Given information START
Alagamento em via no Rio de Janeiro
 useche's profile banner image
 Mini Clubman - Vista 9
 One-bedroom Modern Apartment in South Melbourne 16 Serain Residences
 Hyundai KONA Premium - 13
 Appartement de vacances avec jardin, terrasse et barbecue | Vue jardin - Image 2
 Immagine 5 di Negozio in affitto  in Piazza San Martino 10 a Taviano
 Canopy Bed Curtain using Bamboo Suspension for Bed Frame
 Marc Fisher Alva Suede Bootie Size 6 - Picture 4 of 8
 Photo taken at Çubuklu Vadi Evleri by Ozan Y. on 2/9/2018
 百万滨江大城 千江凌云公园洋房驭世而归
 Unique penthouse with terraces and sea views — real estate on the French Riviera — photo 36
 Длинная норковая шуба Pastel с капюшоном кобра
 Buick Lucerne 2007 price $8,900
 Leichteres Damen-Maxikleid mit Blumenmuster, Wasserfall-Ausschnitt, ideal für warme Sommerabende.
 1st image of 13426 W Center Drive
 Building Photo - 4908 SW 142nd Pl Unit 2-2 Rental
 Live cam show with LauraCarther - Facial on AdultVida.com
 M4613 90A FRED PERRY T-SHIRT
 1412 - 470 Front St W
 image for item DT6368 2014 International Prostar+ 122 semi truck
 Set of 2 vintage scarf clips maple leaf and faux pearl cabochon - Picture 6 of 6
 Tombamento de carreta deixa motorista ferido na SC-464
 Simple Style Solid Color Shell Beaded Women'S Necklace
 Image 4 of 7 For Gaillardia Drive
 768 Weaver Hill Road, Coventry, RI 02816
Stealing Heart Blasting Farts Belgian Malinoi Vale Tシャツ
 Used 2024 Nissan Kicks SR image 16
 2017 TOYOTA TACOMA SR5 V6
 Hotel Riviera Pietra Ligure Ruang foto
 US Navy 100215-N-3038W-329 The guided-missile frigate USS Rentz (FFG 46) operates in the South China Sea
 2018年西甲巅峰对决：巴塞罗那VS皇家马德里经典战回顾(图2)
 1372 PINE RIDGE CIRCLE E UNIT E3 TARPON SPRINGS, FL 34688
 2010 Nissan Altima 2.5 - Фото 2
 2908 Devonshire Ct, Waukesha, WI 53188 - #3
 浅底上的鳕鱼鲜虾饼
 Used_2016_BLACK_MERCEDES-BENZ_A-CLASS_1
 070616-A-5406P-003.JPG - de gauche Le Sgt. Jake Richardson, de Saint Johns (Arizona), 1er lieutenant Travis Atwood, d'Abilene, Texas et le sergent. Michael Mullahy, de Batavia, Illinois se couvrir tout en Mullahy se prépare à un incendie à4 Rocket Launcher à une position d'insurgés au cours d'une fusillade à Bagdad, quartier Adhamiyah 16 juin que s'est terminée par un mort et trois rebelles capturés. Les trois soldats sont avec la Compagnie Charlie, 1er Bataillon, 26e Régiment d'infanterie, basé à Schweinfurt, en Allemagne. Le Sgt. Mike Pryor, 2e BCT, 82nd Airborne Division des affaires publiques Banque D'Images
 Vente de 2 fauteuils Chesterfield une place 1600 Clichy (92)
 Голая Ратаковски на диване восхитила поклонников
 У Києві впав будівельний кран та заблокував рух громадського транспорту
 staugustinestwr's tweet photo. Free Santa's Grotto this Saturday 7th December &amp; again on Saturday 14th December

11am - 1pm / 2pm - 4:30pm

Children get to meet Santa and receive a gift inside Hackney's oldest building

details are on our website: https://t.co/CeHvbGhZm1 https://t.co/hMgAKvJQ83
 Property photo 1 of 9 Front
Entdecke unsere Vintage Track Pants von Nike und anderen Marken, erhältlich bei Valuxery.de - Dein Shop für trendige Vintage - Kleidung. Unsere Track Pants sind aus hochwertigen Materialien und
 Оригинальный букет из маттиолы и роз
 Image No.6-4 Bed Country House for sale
Given information END
### Task description
The lines of the records that contain the string "Picture" should be located and copied.

### Task solution
 Marc Fisher Alva Suede Bootie Size 6 - Picture 4 of 8
 Set of 2 vintage scarf clips maple leaf and faux pearl cabochon - Picture 6 of 6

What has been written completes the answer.